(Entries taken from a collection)
>>
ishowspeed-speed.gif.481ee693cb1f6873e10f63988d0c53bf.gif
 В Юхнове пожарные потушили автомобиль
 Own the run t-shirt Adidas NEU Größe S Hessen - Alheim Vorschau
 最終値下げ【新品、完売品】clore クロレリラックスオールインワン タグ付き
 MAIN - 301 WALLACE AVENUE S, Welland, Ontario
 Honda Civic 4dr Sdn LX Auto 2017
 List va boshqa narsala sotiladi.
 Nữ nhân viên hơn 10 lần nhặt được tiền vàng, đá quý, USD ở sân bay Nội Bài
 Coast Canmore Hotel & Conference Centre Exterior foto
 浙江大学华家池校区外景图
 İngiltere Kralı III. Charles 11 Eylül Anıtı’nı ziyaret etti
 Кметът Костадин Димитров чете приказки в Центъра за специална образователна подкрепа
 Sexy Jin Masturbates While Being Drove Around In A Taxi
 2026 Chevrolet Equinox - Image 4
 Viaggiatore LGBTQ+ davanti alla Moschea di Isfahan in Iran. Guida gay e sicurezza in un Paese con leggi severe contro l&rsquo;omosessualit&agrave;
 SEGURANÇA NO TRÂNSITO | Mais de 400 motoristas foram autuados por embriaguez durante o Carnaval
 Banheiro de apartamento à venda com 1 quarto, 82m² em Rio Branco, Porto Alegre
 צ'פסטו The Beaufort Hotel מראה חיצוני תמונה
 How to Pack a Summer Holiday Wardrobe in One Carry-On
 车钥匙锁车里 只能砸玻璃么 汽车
<<
# INSTRUCTIONS FOR THE TASK
The records above should be printed exactly, please, from the first line through the line containing "List va boshqa narsala sotiladi.", with both ends kept and nothing past it.

# TASK RESULT
ishowspeed-speed.gif.481ee693cb1f6873e10f63988d0c53bf.gif
 В Юхнове пожарные потушили автомобиль
 Own the run t-shirt Adidas NEU Größe S Hessen - Alheim Vorschau
 最終値下げ【新品、完売品】clore クロレリラックスオールインワン タグ付き
 MAIN - 301 WALLACE AVENUE S, Welland, Ontario
 Honda Civic 4dr Sdn LX Auto 2017
 List va boshqa narsala sotiladi.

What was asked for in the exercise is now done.